Entorno

Desde hace tiempo, me fascinan los mecanismos propios que las ciudades tienen. Además del porqué de su arquitectura, siempre he sentido una amplia curiosidad por el modo de vivir de sus gentes -eso que llaman estilo de vida-, las formas en la que se desenvuelven y comportan los resultados que éstas producen.

Tal vez, mi sorpresa llegó en Varsovia. Hasta entonces, había visitado muchas ciudades, dentro y fuera de España, aunque sólo había vivido en una que no fuera la mía. Por aquella época, Riga era -y sigue siendo- una capital pequeña. Una ciudad báltica que servía como centro logístico del país. Muy bonita y con oferta suficiente para hacer lo que deseara, aunque con alma de ciudad pequeña en la que todos terminan conociéndose. En aquel momento mi obsesión era otra, la de vivir en una ciudad más grande y, poco después, terminé encontrando mi sitio en Varsovia.

La capital polaca me enseñó muchas cosas, entre otras, la utilidad del transporte público, la percepción de las distancias -lo que antes me parecía lejos, ya no lo era-, el ritmo acelerado de una gran ciudad, algo que yo no tenía -y sigo sin poseer- en mi ADN.

Aprendí a perderme como un ser anónimo entre las barras de los bares, los clubes nocturnos y a ser un don nadie, con los aspectos positivos y negativos que eso conlleva. Sorprenderme con barrios en los que la gente tenían otras sonrisas, otras formas de ver la vida, en la misma ciudad. Sociedades que crecen y giran en torno a la base de sus salarios. Sueños que para algunos pueden parecer pequeños y para otros imposibles de alcanzar. Aceptar que estás envuelto en una vorágine de cambio, en la que nada es estable ni perdura demasiado tiempo.

En un lugar donde había tanta gente, tanto del país como de más allá de la frontera, resultaba muy fácil perderse emocionalmente y anhelar regresar a casa. Por fortuna, no experimenté aquello, pues siempre he mantenido mi mundo interior intacto, aunque sí lo sentía en algunas personas que procedían de ciudades cercanas a la capital.

Descubrí lo que era pasear por el Parque Real cerca de casa mientras entendía de qué pasta estaba hecho. Por mucho que viviera allí, siempre seguiría siendo de una ciudad pequeña con alma de pueblo. El lugar donde crecemos nos marca para siempre.

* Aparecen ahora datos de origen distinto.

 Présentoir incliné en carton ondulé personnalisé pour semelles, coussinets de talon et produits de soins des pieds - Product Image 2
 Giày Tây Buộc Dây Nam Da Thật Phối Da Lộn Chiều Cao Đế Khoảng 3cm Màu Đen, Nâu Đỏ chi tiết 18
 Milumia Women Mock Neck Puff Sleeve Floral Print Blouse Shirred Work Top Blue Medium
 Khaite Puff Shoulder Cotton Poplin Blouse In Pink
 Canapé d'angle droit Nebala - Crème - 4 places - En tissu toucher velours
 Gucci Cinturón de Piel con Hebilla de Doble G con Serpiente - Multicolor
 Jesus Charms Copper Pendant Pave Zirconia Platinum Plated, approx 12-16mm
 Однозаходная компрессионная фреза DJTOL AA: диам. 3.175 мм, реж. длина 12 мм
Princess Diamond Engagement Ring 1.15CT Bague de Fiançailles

Entender mi pasado, mis raíces, también me ayudó a comprender, de forma positiva, mis anhelos. Me jugaba mucho con mi regreso, pues Varsovia era una ciudad que me lo ofrecía todo y en la que estaba muy a gusto, pero era el momento de cambiar si quería enfocarme en mi carrera como escritor. Regresar a un lugar estable, libre de cambios de temperatura y, sobre todo, tranquilo, algo que en las capitales nunca se consigue.

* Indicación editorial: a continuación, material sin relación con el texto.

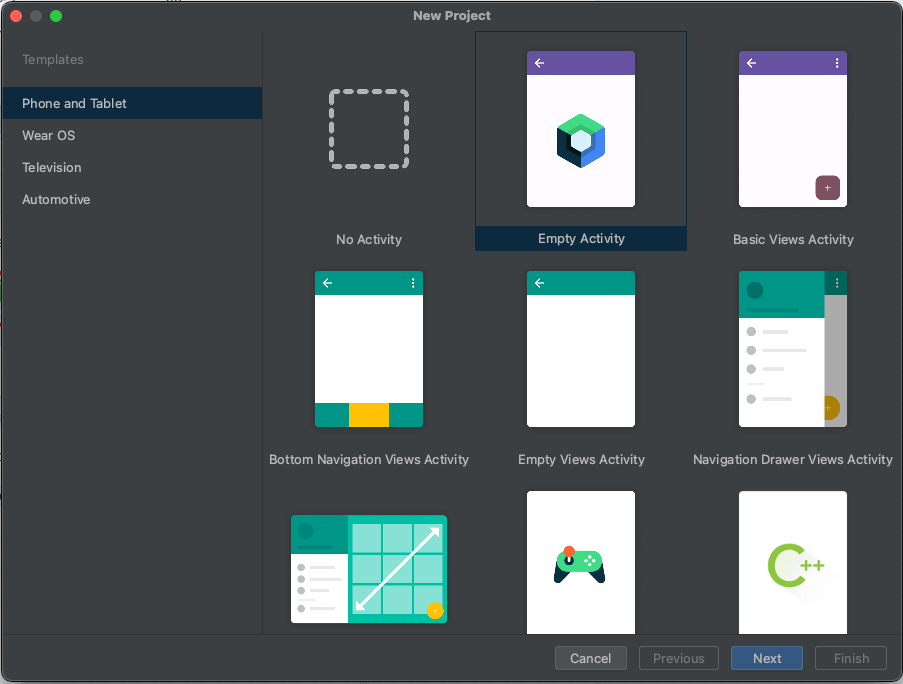 Android Studio template picker with Empty Activity selected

Con el tiempo, he llegado a entender que aquí el reloj corre más despacio, aunque para mí no lo haga; que la mentalidad está formada por otros ideales ajenos a los que yo sentí bajo las torres de oficinas. De nuevo, lo tradicional perdura, porque es de lo que el entorno mama y, sin juzgarlo, lo acepto sin más.

Por tanto, es importante tomar distancia, abrirse y apreciar lo que nos rodea sin dejar que la mente nos lleve a la nostalgia o a la idealización de lugares, porque sólo así gozaremos de lo que tenemos delante, sin prejuicios ni comparaciones porque cada entorno está formado por personas que, de un modo u otro, tienen algo que ofrecer.